Alcuin of York

735-804

Alcuin of YorkAlcuin was a Latinist, astrologer, classicist, and teacher of rhetoric. He was an influential figure contributing to the restoration of scholarship in the Western world. He founded schools and a significant library in York, England. Because of his accomplishments, he was recruited by Charlemagne to head a school at Aachen, a city now in Western Germany. His impact for his work at that school was to elevate literacy and scholarship throughout the European continent. Later, Alcuin joined the Abbey of Saint-Martin-de Tours.

Alcuin's schools taught the trivium—grammar, rhetoric, and logic, a curriculum structure borrowed the ancient liberal arts tradition, especially from Cicero. This way of carrying out liberal arts education was to continue for centuries. In the 12th century this trivium was expended into seven subjects (the quadrivium) with the additional four being arithmetic, music, geometry, and astronomy. Alcuin's angle on the curriculum was ecclesiastical.

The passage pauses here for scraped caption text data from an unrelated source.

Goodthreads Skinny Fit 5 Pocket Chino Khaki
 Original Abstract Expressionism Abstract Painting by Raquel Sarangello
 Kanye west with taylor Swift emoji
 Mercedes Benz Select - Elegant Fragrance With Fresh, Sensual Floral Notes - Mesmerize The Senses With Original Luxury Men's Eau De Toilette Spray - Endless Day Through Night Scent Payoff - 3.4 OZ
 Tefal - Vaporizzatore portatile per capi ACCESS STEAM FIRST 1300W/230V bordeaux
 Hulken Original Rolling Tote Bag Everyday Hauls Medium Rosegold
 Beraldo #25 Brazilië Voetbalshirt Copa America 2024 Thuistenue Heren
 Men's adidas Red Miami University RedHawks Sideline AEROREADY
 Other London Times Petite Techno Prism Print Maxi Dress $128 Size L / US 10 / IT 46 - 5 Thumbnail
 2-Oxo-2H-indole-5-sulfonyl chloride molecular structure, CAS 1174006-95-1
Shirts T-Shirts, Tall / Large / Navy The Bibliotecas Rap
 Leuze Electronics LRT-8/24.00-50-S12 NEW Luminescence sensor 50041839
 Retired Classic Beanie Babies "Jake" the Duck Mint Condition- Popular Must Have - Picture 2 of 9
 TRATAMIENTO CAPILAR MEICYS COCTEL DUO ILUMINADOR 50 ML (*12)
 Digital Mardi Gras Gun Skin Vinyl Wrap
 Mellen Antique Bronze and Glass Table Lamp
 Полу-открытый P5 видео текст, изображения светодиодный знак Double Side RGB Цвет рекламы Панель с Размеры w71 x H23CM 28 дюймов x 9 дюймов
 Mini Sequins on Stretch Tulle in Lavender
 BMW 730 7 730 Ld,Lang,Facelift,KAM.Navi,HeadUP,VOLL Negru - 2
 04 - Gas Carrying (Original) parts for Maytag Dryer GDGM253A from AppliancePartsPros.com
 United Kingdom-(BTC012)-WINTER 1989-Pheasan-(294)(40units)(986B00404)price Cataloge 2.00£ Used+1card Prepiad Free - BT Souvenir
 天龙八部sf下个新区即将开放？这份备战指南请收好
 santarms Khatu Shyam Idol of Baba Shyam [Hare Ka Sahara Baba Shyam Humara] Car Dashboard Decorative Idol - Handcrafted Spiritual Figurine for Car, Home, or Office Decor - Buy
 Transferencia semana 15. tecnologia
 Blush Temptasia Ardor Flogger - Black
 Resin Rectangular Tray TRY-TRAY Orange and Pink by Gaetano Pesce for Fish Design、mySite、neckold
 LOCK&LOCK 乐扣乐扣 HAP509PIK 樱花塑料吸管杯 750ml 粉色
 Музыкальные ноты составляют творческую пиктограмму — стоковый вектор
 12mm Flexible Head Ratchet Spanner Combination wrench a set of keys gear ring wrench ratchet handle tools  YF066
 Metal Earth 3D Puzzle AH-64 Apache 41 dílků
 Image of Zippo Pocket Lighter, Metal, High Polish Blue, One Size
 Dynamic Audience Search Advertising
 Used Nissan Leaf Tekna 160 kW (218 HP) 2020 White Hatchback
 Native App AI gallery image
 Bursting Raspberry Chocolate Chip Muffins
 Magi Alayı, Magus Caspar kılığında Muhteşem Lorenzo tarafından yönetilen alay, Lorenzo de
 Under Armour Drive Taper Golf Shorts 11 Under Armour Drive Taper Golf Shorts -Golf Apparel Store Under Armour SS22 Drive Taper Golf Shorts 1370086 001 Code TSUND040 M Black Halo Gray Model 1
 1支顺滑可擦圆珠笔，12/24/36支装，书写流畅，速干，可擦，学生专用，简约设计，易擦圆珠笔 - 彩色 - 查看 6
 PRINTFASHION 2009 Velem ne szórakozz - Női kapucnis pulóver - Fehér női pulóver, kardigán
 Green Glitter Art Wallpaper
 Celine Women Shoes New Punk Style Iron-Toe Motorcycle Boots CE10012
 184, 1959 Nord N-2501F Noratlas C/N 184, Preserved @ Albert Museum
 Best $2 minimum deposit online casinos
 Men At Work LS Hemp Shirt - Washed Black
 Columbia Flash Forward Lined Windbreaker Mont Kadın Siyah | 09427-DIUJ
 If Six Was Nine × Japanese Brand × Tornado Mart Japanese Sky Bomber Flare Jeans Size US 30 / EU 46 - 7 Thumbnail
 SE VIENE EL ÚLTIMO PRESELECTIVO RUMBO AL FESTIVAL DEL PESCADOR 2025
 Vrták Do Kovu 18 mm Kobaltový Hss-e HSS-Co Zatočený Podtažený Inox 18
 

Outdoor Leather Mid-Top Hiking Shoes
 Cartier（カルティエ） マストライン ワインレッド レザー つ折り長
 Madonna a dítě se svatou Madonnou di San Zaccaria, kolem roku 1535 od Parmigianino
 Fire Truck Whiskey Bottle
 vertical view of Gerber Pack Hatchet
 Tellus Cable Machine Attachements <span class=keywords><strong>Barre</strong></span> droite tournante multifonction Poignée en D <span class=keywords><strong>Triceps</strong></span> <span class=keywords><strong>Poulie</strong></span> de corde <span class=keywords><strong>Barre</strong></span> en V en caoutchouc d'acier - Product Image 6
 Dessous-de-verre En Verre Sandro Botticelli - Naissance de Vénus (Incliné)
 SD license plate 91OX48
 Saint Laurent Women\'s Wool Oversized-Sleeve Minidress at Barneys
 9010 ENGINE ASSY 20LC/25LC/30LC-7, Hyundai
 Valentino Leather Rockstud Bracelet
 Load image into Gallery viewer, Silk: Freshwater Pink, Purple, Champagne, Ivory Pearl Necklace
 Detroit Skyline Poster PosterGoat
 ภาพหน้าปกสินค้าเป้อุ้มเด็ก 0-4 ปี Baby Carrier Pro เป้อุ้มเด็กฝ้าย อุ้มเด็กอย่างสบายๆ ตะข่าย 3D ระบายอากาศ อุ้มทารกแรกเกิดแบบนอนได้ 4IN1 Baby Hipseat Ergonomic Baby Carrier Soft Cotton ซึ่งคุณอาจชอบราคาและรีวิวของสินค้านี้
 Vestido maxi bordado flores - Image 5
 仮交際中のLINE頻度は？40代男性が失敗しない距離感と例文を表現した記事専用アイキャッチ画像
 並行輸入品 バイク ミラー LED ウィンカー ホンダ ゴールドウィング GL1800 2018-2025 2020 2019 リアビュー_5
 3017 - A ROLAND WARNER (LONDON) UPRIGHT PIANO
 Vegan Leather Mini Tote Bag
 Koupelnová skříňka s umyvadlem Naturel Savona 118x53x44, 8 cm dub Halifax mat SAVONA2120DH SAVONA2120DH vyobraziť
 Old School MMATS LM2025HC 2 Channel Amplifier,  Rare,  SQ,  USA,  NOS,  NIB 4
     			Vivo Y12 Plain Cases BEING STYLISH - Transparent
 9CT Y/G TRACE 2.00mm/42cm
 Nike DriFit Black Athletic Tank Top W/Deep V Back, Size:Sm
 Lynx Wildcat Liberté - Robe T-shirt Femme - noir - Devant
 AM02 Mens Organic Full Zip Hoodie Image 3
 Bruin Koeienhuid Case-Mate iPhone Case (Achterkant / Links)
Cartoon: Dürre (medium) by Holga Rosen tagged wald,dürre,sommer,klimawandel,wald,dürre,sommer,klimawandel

Alcuin wrote theological, dogmatic treatises, as well as treatises on grammar and rhetoric. His book on rhetoric, De Rhetorica, was devoted mostly to Cicero's concept of Invention—the process by which a speaker analyzes his subject and determines the subject matter of his speech. His manuals on grammar, rhetoric, and dialectics are written as dialogues, including ones between Charlemagne and Alcuin himself (Alcuin, 1965).

Alcuin's unique twist on traditional rhetoric such as that of Cicero, was to alter the purpose of virtues (prudence, justice, courage and temperance) from a means to improve rhetoric to a way to achieve moral ends.

Writings by Alcuin

Alcuin (1965). The rhetoric of Alcuin and Charlemagne. Trans. Wilbur Samuel Howell. NY: Russell and Russell.

Writings about Alcuin

Allott, Stephen (1974). Alcuin of York, c. 732-804. York: Wm Sessions

Duckett, Eleanor (1951). Alcuin, friend of Charlemagne: His world and his work. NY: Macmillan.

Wallach, L. (1959). Alcuin and Charlemagne: Studies in Carolingian history and literature. Cornell Studies in Classical Philology, #32. Ithaca, NY: Cornell University Press.